Telling her story in a documentary was not difficult for Mon Laferte. On the contrary, the Chilean-Mexican singer-songwriter tells Billboard Español, narrating part of her past in front of a camera provoked “a certain nostalgia,” mainly when remembering her pregnancy and the birth of her son.
“I think how crazy I was, going singing when I was three months pregnant, with my belly all over the place — and then with my baby, three months after birth, and I was on stage!” the artist explains from Mexico City, with a chuckle.
Mon Laferte, Te Amo, which arrived on Netflix on Thursday (August 1), is an intimate portrait in which the singer of “El Beso” and “Tu Falta de Querer” reveals details of her professional and personal life, from her crude childhood and her start as a singer in her native Viña del Mar, to her arrival in Mexico in 2007, and how she managed to become a Latin music star. But it is, above all, “a story of strength, of resilience,” she says.
Directed by Camila Grandi and Joanna Reposi Garibaldi, the documentary finds Laferte in the middle of an international tour, just weeks away from becoming a mother. In the back and forth between stages, dressing rooms and her home, Norma Monserrat Bustamante Laferte (her real name) recalls a complex childhood, marked by the abandonment of her father and economic struggles, as well as the differences that distanced her from her mother at a young age.
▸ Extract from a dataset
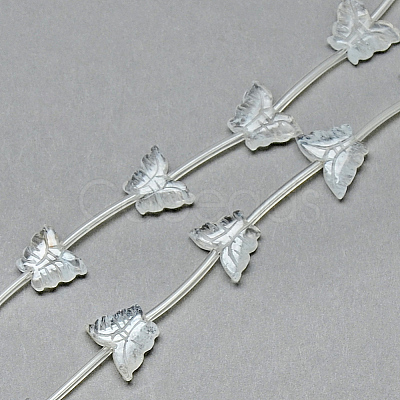 Smelting Quartz Crystal Beads Strands X-G-T014-06-1-1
Then, a painful event caused an even greater estrangement with her mother, who was involved in a relationship with an alcoholic man who used domestic violence and abused Laferte sexually, the artist narrates in her biographical chronicle.
“Talking about my mother in a documentary was very healing,” she says. “I’ve had a difficult relationship with her, at times of much love, and at times of friction, of disagreements with her since I was a child. But over the years, I understand her much more, and today there is greater empathy.”
Motherhood is undoubtedly the common thread in Mon Laferte, Te Amo — where the figures of her grandmother, her mother and herself as a new mom are the protagonists.
The artist compares her experience to that of Beyoncé, whose documentary Homecoming (2019) records the days leading up to her highly anticipated performance at the 2018 Coachella Festival and the emotional path the American superstar and also mother went through, from creative concept to the concert’s moment.
“I remember in the documentary, she was rehearsing all day, she was with her baby, and in my ignorance I thought, ‘She should go home to rest, and then come back,’” Laferte says. “But when I became a mom, I understood her a lot because there is something about needing to feel again like yourself before pregnancy and giving birth.”
Other passages in Mon Laferte, Te Amo talk about her life after leaving school, her beginnings as a singer in local bars in Chile and her relationship with a man 21 years older than her who soon became her first manager, and she the victim of emotional and economic abuse.
It also tells of her time on Rojo, the Chilean National Television show that made her known, and her arrival in Mexico, where she had to start over again years later to conquer the most important music market in the Hispanic world.
“Many women can see themselves reflected in this documentary, we go through the same things,” says the four-time Latin Grammy winner. “Not all of them are singers, but it is like the daily life of a woman — facing the challenges that society demands of us, and that we demand of ourselves.
“I demand a lot from myself to be a great artist, but also to be the best mother in the world,” she adds with a smile.
Mon Laferte’s documentary arrives as the Chilean star — and naturalized Mexican, as of November 2022 — continues her Autopoiética Tour in support of her 2023 album of the same name.
Mon Laferte was also just confirmed to participate at the 2024 Billboard Latin Music Week, which will be held Oct. 14-18 at The Fillmore Miami Beach at Jackie Gleason in Miami Beach, Florida.